Mi destino era un cerro olvidado que algunos llaman El Cerrón, otros Valenzana o Valanzana, y que en la piel del tiempo ha llevado tantos nombres como cicatrices guarda un soldado viejo. Según los mapas modernos, está a tres kilómetros y medio del centro urbano de Illescas, pero en la memoria del mundo está a siglos de distancia. A ese lugar también lo llamaron Ilacurcis, Ybribiego, Ilarcuris o Dubiense. Porque si algo nos enseña la historia, esa zorra taimada, es que los nombres cambian, pero los fantasmas quedan.

Subí la loma de Balanzana, o Valenzana, según a quién preguntes, entre las chicharras del mediodía y el rumor de las ruedas mordiendo tierra seca. Allí donde ahora sólo hay piedras, maleza y sol sin sombra, vivieron los Carpetanos, celebraron ritos en un santuario que olía a incienso y hierro. Los arqueólogos, esos detectives sin cadáver fresco, dicen que hubo aquí un templo doméstico hacia el 330 antes de Cristo. Yo no los vi, claro, pero uno siente que la historia te respira en la nuca cuando se para a beber agua y a mirar alrededor.

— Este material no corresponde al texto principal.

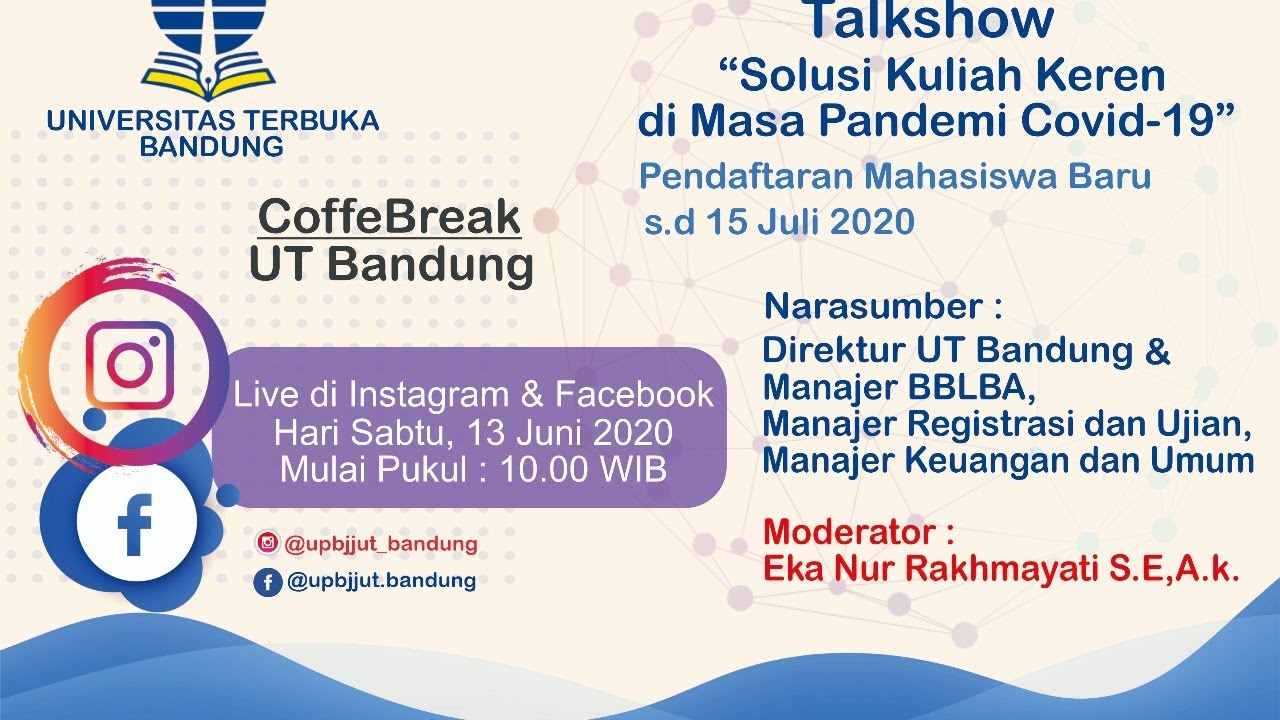 SOLUSI KULIAH KEREN DI MASA PANDEMI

Y es ahí donde las palabras cobran sentido: Ybribiego. Qué nombre tan maldito y hermoso, como sacado de un cantar de gesta mal recordado. Algunos sabios, con gafas gruesas y alma de archivo, aseguran que es deformación visigoda de Egebrigaecum, “el santuario de los Egebrigos”. A saber quiénes eran, pero suena a nobleza en ruinas, a tribu orgullosa y olvidada. Pedaleé despacio sobre la tierra que acaso los vio morir o rezar, o ambas cosas al mismo tiempo.

La tradición, esa madre cruel y generosa, dice también que en ese mismo cerro hubo un convento. San Ildefonso, ni más ni menos, fundó un monasterio por allí, en el “pago Dubiense”, cuando los hombres aún creían que el cielo miraba con atención sus rezos. Más tarde, en el año 1500, el cardenal Cisneros quiso levantar allí otro convento, pero la piedra escaseaba y las ganas, quizá también. Como suele ocurrir, lo que no se levanta del todo acaba siendo saqueado por la necesidad.

Llamadlo El Cerrón, Cerro de Balanzana, Valenzana o Ybribiego. Yo prefiero este último, porque tiene el sabor de lo perdido y la sonoridad de lo maldito. Porque evoca un lugar que fue sagrado y ahora es sólo polvo, un nombre que una vez retumbó en bocas que hablaban lenguas que ya no entendemos.


Y así, mientras el sol caía a plomo y el sudor me sabía a vino seco, pensé en lo que decía aquel viejo profesor mío: “La historia no es lo que pasó, sino lo que queda.” Pues bien: lo que queda en Ybribiego es un cerro, unos cardos, un nombre y una cierta melancolía antigua. Y eso, creedme, es muchísimo más de lo que queda en muchos sitios.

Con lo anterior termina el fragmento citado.